But after we finished recording, it occurred to me that I’ve never really expressed what I feel the value of Eclipse RCP training is. It’s common for developers to approach me and say “I know I need RCP training, but how do I justify this to my manager?” Well for those of you in this situation, here is what I would say.
Time is money
The first argument is a purely financial one. It’s just a fact that acquiring knowledge takes time and effort. If you spend days or weeks at your desk assembling information on RCP from websites, articles and books, then your salary during this time is the cost of knowledge. The question is, how does this approach compare with learning from an instructor?

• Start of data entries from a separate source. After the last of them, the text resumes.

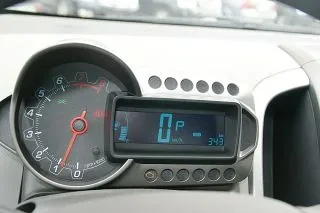Тест-драйв нового Chevrolet Aveo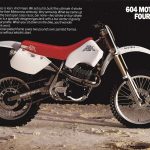 Мотоцикл ATK 600 1990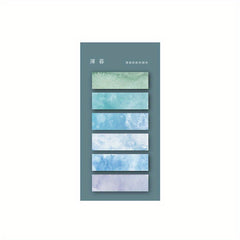 120 Gradient Index Stickers for Lovely Classification
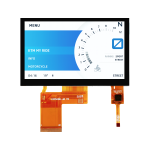 4.3 inch TFT LCD Touch Screen Featured Image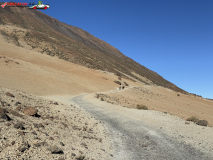 Sendero de Montaña Blanca din Tenerife 10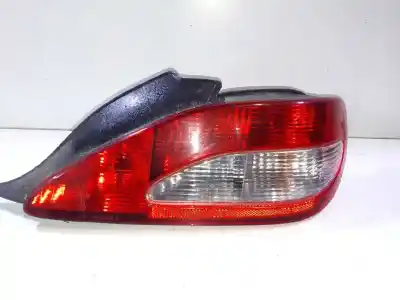 Second-hand car spare part right tailgate light for peugeot 406 coupe (s1/s2) 2.0 16v cat oem iam references 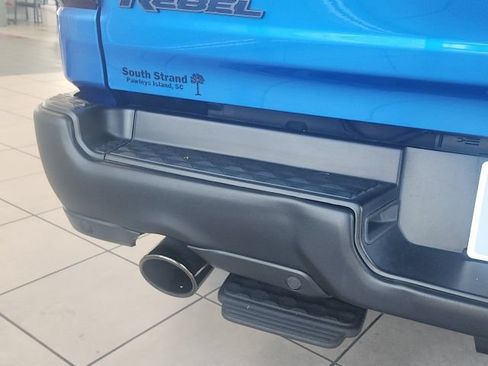 Certified 2022 RAM 1500 Rebel w/ Rebel Level 2 Equipment Group AWD/4WD image 8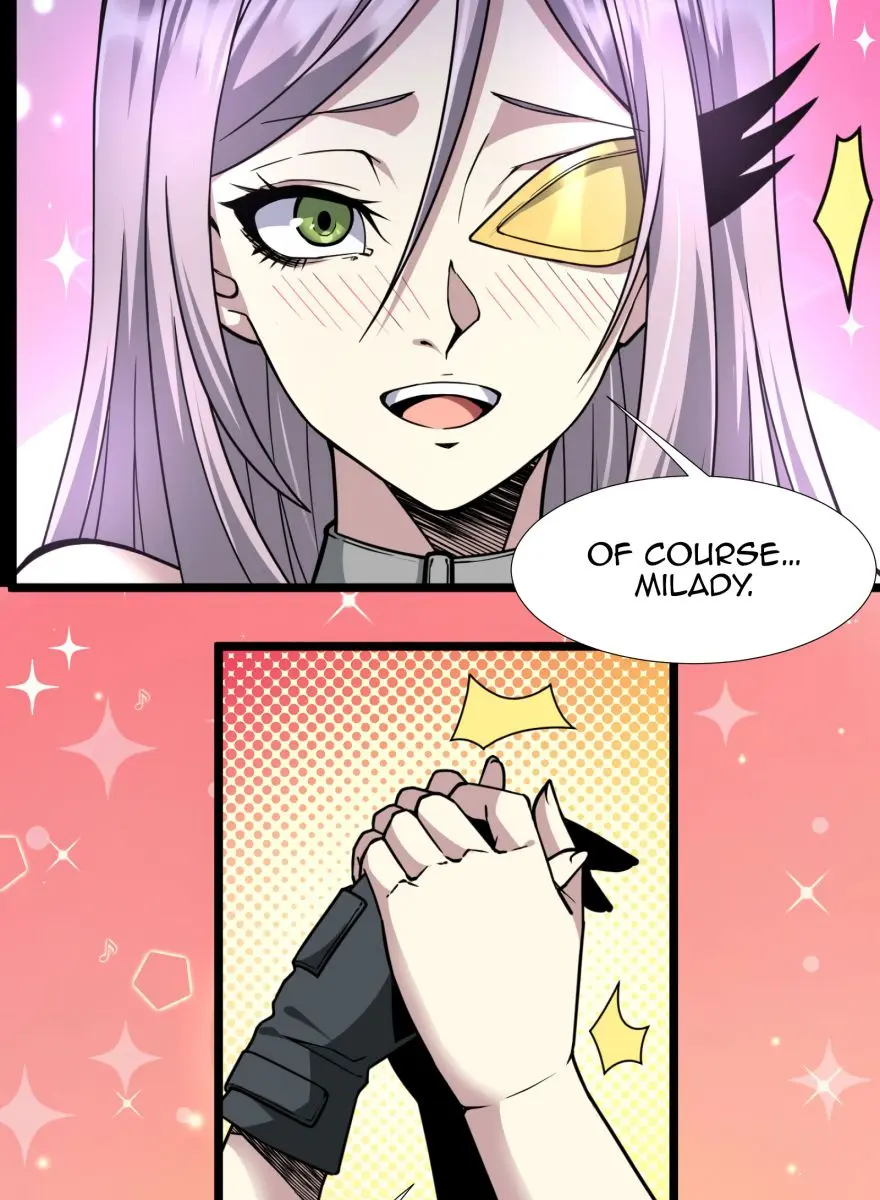 I'm Really Not the Demon God's Lackey Chapter 32 Page 32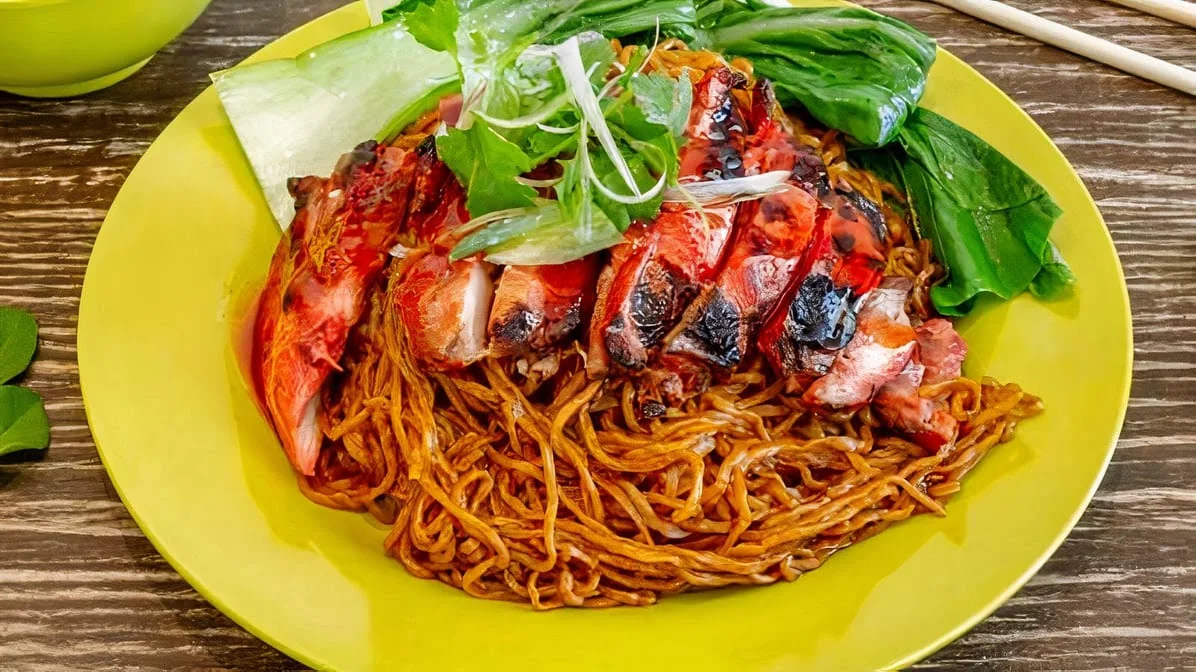 Food & drink, Chicken Rice Corner (Raine Square)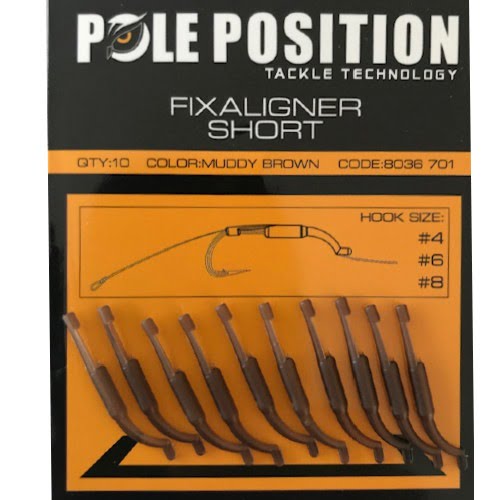FIXALIGNER WEEDY GREEN LONG POLE POSITION 10 PCS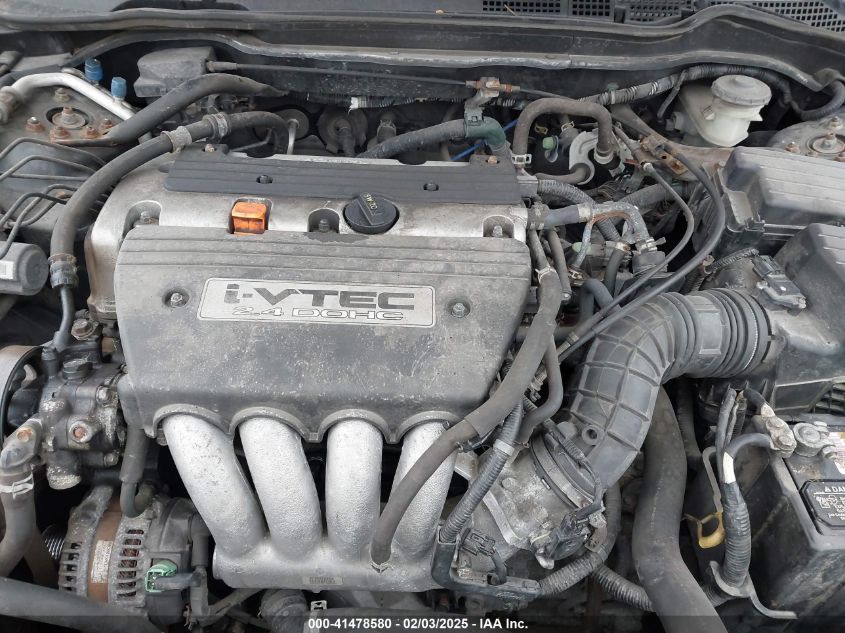 2005 Honda Accord VIN: IHGCM56765A087151 Lot: 41478580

According to many of my students, learning RCP in a classroom is much more effective. There are a variety of reasons for this, which I’ll get to in a minute. But it seems to be true for most people that training significantly shortens the RCP learning curve. I’ve taught many classes over the past few years, and based on student feedback I’d say that RCP training often pays for itself in weeks, not months.
RCP is hard to learn
One of the main reasons RCP training is so effective is that the subject area is complicated. Unlike other technologies, RCP is not standards-based, so there is no canonical spec you can go to for answers. To be honest, RCP is less a coherent framework than an aggregation of related technologies (SWT, JFace, OSGi, Eclipse Platform).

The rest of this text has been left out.